- 1 1/4 cups all-purpose flour
- 1/4 cup plus 1 tablespoon unsweeetened cocoa powder
- 1 teaspoon baking soda
- 1/2 teaspoon baking powder
- Pinch of salt
- 1/3 cup light brown sugar
- 2 tablepoons unsalted butter, softened
- 1 large egg
- 1/2 cup light corn syrup
- 1/4 cup unsweetened applesauce
- 1 teaspoon pure vanilla extract
- 1 cup low-fat (1.5%) buttermilk
- 1 cup granulated sugar
- 1 large egg white
- Pinch of salt
- 1/2 teaspoon pure vanilla extract
- Preheat the oven to 350°. Line a 12-cup muffin tin with paper liners. In a bowl, sift together the flour, cocoa, baking soda, baking powder and salt.

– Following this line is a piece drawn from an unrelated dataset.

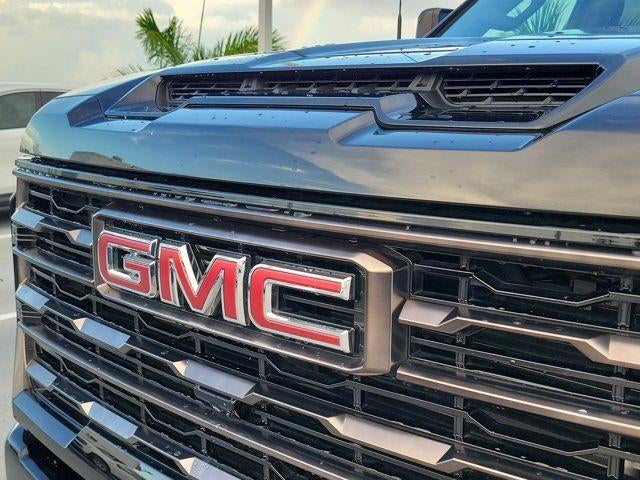 2024 GMC Sierra 2500 HD AT4X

- In another bowl, cream the brown sugar and butter. Beat in the egg until incorporated. Add the corn syrup, applesauce and vanilla and beat well. Add the dry ingredients in 3 batches, alternating with the buttermilk and mix just until blended.

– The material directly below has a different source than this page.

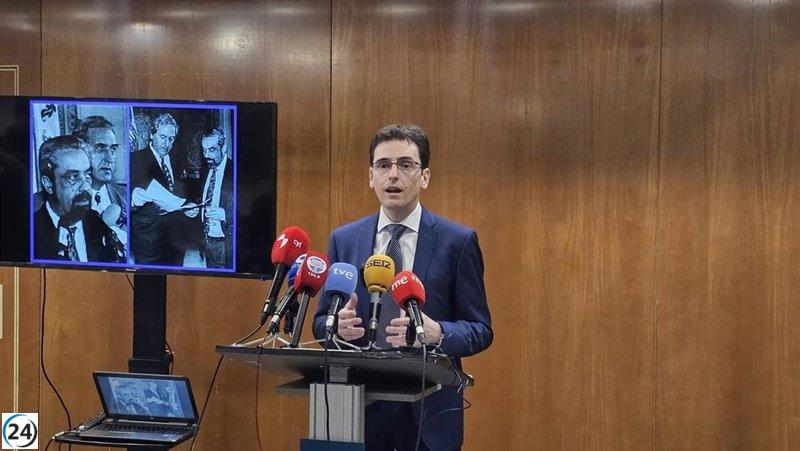 PSOE insiste en que Carnero atraiga inversores para adquirir el Real Valladolid.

- Spoon the batter into the muffin cups. Bake for about 18 minutes, or until a cake tester inserted in the center comes out clean. Let cool.
- In a small saucepan, combine the sugar with 1/2 cup of water. Bring to a boil and cook until the syrup reaches 240° on a candy thermometer.
- Meanwhile, using a standing mixer or handheld electric mixer, beat the egg white with the salt until foamy. While beating, add the hot syrup in a thin steady stream. Add the vanilla and beat until the icing is thickened and cooled. Spread the icing on the cupcakes; let stand for up to 1 hour to allow the icing to set.
The cupcakes can be frozen for 1 month or kept in an airtight container for 2 days.
One Cupcake: Calories 216 kcal, Protein 3 gm, Carbohydrate 46 gm, Cholesterol 24 mg, Total Fat 3 gm, Saturated Fat 1.7 gm.